Bruxelles, section criminelle

Anne-Cécile HUWART, Mourir la nuit, Onlit, 2019, 252 p., 18 € / ePub : 6 €, ISBN : 978-2-87560-114-8

S’il est un domaine de la vie que l’on connaît essentiellement par la fiction, c’est bien celui de la criminalité. On est nourri de romans policiers, de films noirs, criminels, de séries télévisées, téléchargées ou en flux diffusées, de Faites entrer l’accusé… On absorbe les gestes (la gesticulation parfois) des enquêteurs, les techniques scientifiques, les procédures judiciaires au point de finir par les croire vrais alors qu’ils ne sont que vraisemblables (et encore…), qu’ils sont nourris autant par leur propre mythologie que par la réalité du terrain. Davantage ? Qu’en sait-on vraiment ? Pour dépasser la fiction, Anne-Cécile Huwart, journaliste spécialisée dans les affaires judiciaires, la santé, l’enseignement, le social est allée observer au plus près l’instruction des crimes.
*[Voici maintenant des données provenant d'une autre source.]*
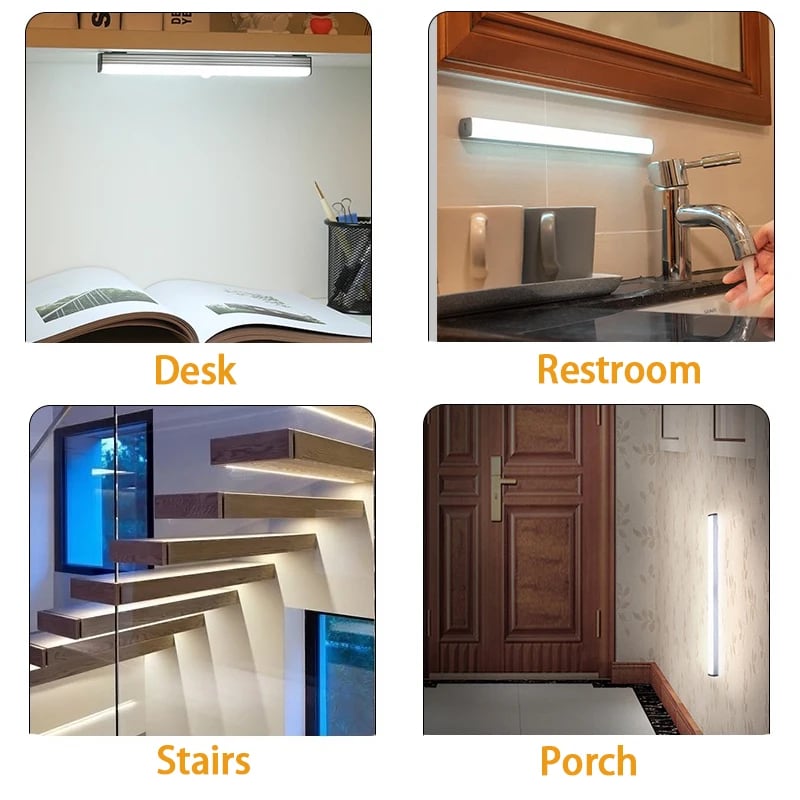🔥 LAST DAY: BUY 1 GET 1 FREE — 💡 Smart Motion Sensor LED Light Bar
Puis elle l’a racontée au plus juste, « de l’intérieur, sans voyeurisme, dans le respect de l’instruction et de la dignité des victimes et de leurs proches. » In fine, outre le fait qu’il n’y ait héroïsation ni de la police ni des criminels, le plus étonnant est le rapport au temps : rien ne va vite. Entre le moment où le meurtre est commis et l’énoncé du verdict, il se passe des années. Anne-Cécile Huwart a respecté cette temporalité lente. Elle a mené son travail minutieusement, au long cours. Son enquête a duré près de six ans. Un temps que permet le livre et que ne souffrent pas les médias et les réseaux sociaux.

Autorisée à suivre les enquêtes de la Police judiciaire fédérale (PJF) de Bruxelles, elle rapporte deux affaires de crime ordinaire, si un crime peut être qualifié ainsi. Le 3 février 2014, deux corps sont retrouvés : le premier, découvert dans un appartement à Uccle, est celui de Jephté Vanderhoeven, quinquagénaire, assistant social, homosexuel, apprécié de tous et pourtant si seul la nuit ; le second, gisant sur une passerelle à l’entrée d’un parking près de la place Rogier, est identifié (difficilement) comme celui de Marek Adamsky, sans-abri polonais, arrivé en Belgique moins de deux ans auparavant, « mort déjà mort, du moins socialement ». Anne-Cécile Huwart alterne ces deux histoires tout en variant les éléments donnés à lire : tantôt son attention se porte sur la victime ou ses proches (afin de comprendre ce qui a pu engendrer une fin aussi tragique), tantôt sur les meurtriers (des êtres en « errance », des criminels « vagabonds » plutôt que des tueurs nés) et leur entourage. Elle rapporte l’enquête, les interrogatoires, le déroulé des procès, en reconstruit le puzzle. Elle sait entendre autant qu’écouter, avec empathie, sans jugement. Avec des suspects pourtant connus dès le début (mais sont-ils les assassins ?), on ne lâche pas le livre car au fond, ce qui nous tient en haleine, davantage que les circonvolutions des affaires, c’est l’exploration d’un univers qui nous laisse apercevoir la complexité des vies et de la psyché humaines.